National Development, a builder based in Newton Lower Falls, Mass., is masterminding the construction, and New York City-based Ollie, which runs co-living buildings in the Big Apple and in Pittsburgh, will manage the building once it opens. Ollie offers residents free cable television and wifi, and runs social programs for building denizens led by “community managers.” Potential roommates at Ollie’s properties can use a matching service unpardonably dubbed Bedvetter.

Ollie’s website says that 7INK will open in 2021.

The larger, seven-building Ink Block complex includes hundreds of rental apartments that have already opened, a Whole Foods supermarket, a coffee shop and some other casual eateries.

Citizens, based in nearby Providence, R.I., understood National Development’s vision for the project, according to Tom Alperin, president of National. 

“The Citizens team has deep knowledge of the commercial real estate landscape and its close attention to detail made for a seamless and timely execution,” Alperin said in a statement.

Gary Magnuson, Citizens’ head of commercial real estate, said that the 7INK deal was an example of a construction loan that “delivers substantial value” to a development client.

At least one other company, a British import called Scape, is working on a building that aims to experiment with smaller unit sizes and a dorm-like experience in Boston. As Commercial Observer reported last year, Scape is building a new apartment building near Fenway Park originally designed as a private student dorm. But The Boston Globe said in October that Scape now plans to pitch the units, which are as small as 300 square feet, to working professionals as well.

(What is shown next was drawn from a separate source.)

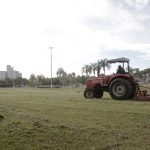 Prefeitura usa caminhão pipa para lavar a Praça Dr. Gama e Parque do Povo tem o mato roçado
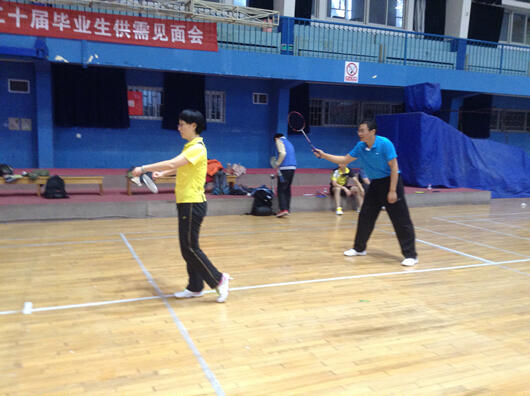 beat365官网师生羽毛球友谊赛顺利举行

A research report from Cushman & Wakefield (CWK) released in the middle of last year found that a growing demographic of millennial renters — many of whom are encumbered by student debt that dings their finances — could theoretically support a significant boom in the co-living sector. Yet the industry remains a minor slice of the broader multifamily market.

Seven major co-living providers that the report tracked — including Ollie — had a pipeline of less than 17,000 new units. Projections for 2019 estimate that the U.S. added about 300,000 new apartments overall.

A spokeswoman for National Development didn’t immediately respond to an inquiry.